====== Material to process
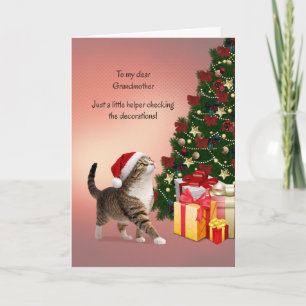 Grandmother with Cat in a Christmas Hat Holiday Card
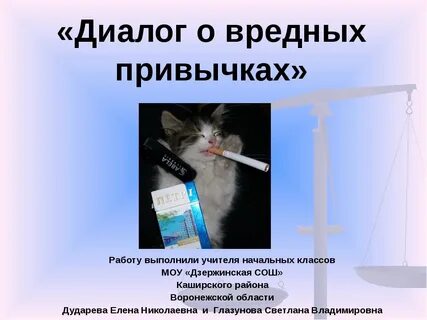 Кошки опасны для жизни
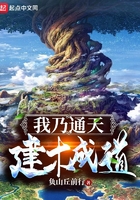 那年花开月正圆芒果tv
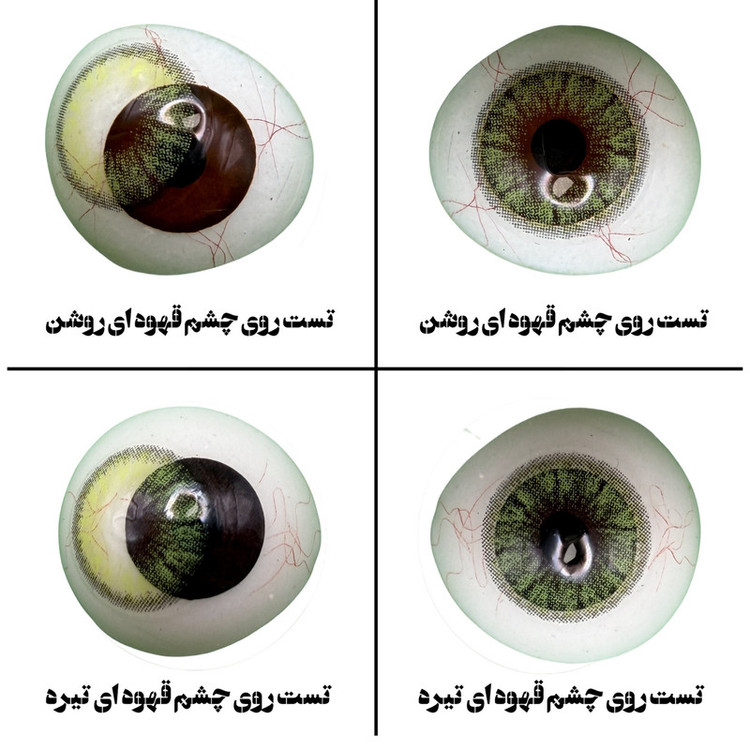 لنز چشم هرا گریس تمیم کانتکت لنز مدل LUMINUS GREEN کد 19 رنگ سبز رگه ای دوردار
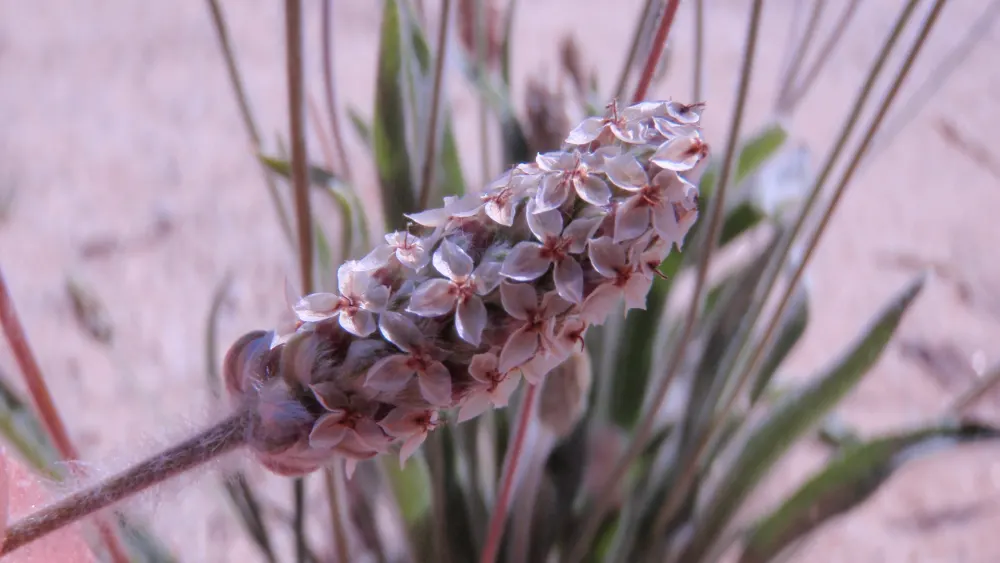 Blühende Indische Flohsamen-Pflanze (Plantago ovata) mit schmalen Blättern und dichten eiförmigen Ähren am natürlichen Standort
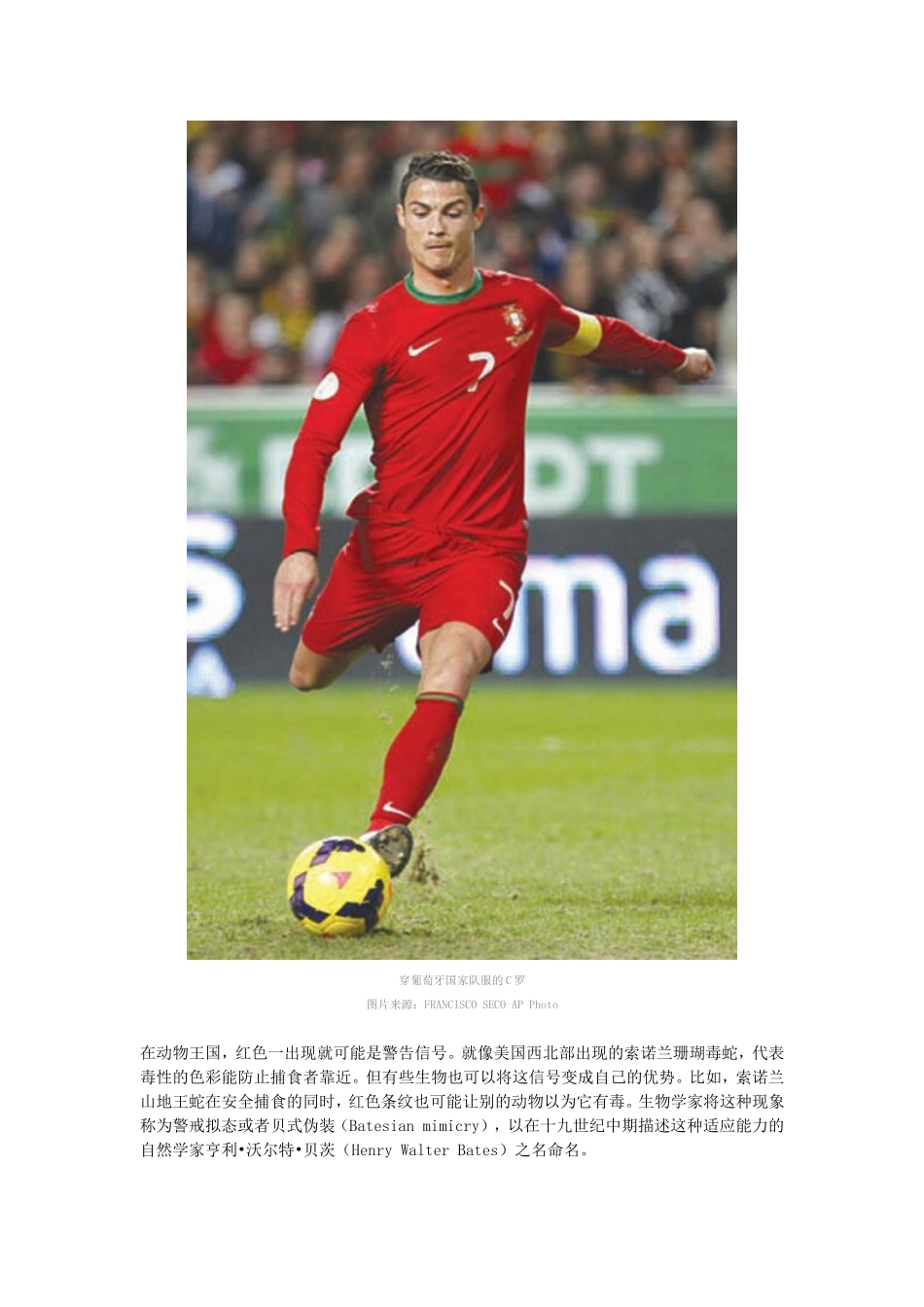 关于绯红色的事实和假象_第3页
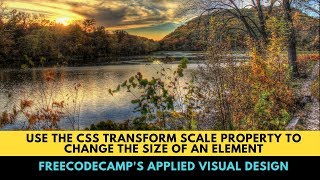 freeCodeCamp's Use the CSS Transform scale Property to Change the Size of an Element
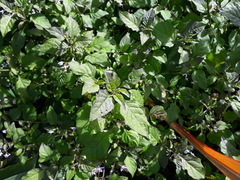 Solanum opacum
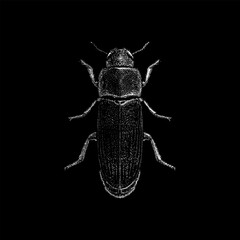 Flour Beetle hand drawing vector isolated on black background.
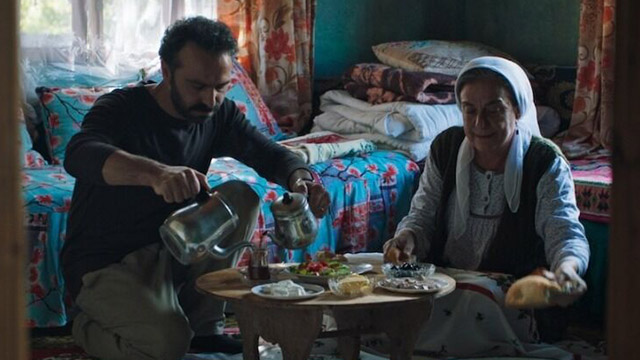 ‘Silenced Tree’ wins award at Hamilton New York fest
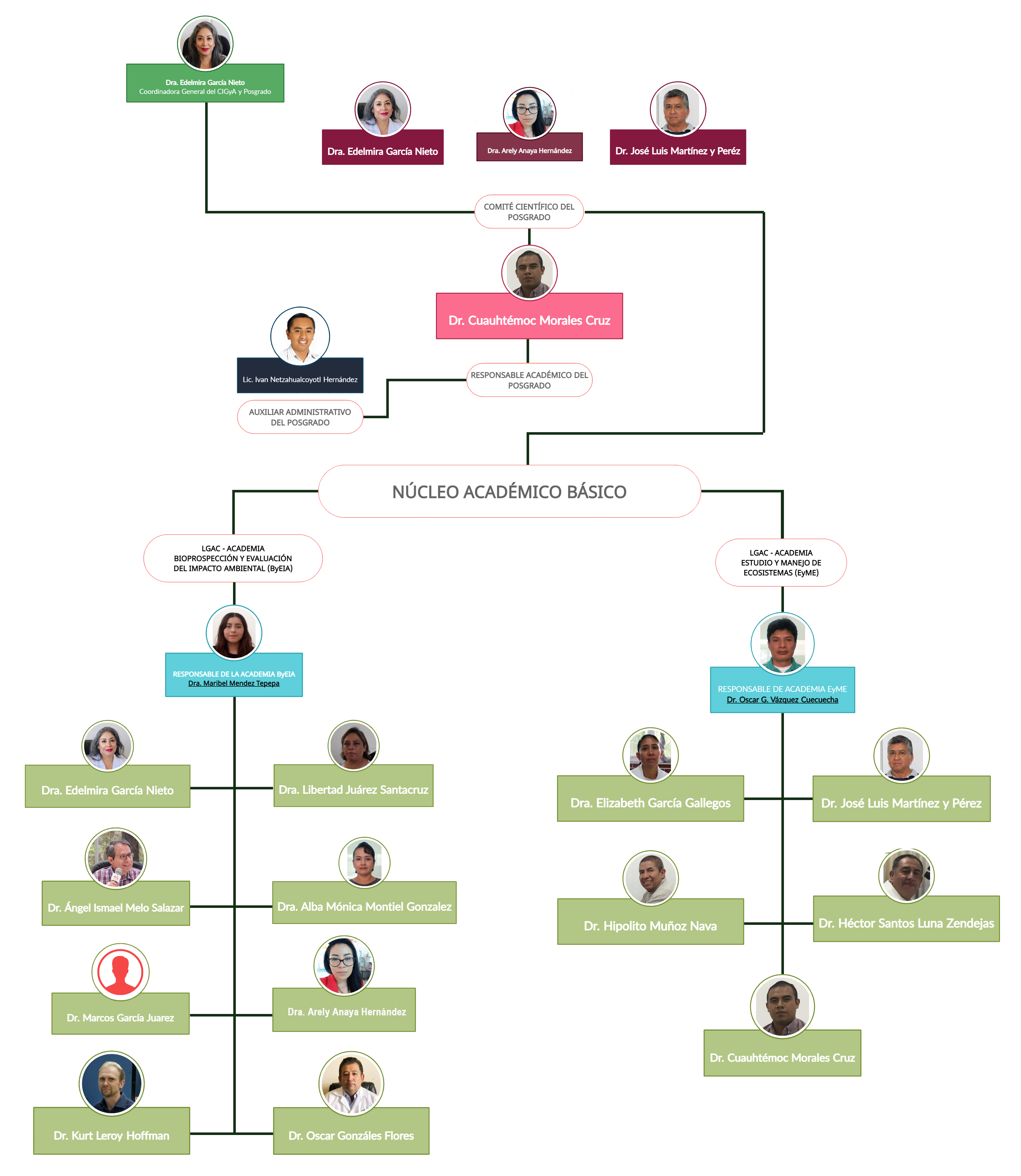organigrama cigya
============
Work request
Word for word, write out each line from the one with "Кошки опасны для жизни" through the end of the entries above, and omit any pictures.

Result below
 Кошки опасны для жизни
 那年花开月正圆芒果tv
 لنز چشم هرا گریس تمیم کانتکت لنز مدل LUMINUS GREEN کد 19 رنگ سبز رگه ای دوردار
 Blühende Indische Flohsamen-Pflanze (Plantago ovata) mit schmalen Blättern und dichten eiförmigen Ähren am natürlichen Standort
 关于绯红色的事实和假象_第3页
 freeCodeCamp's Use the CSS Transform scale Property to Change the Size of an Element
 Solanum opacum
 Flour Beetle hand drawing vector isolated on black background.
 ‘Silenced Tree’ wins award at Hamilton New York fest
organigrama cigya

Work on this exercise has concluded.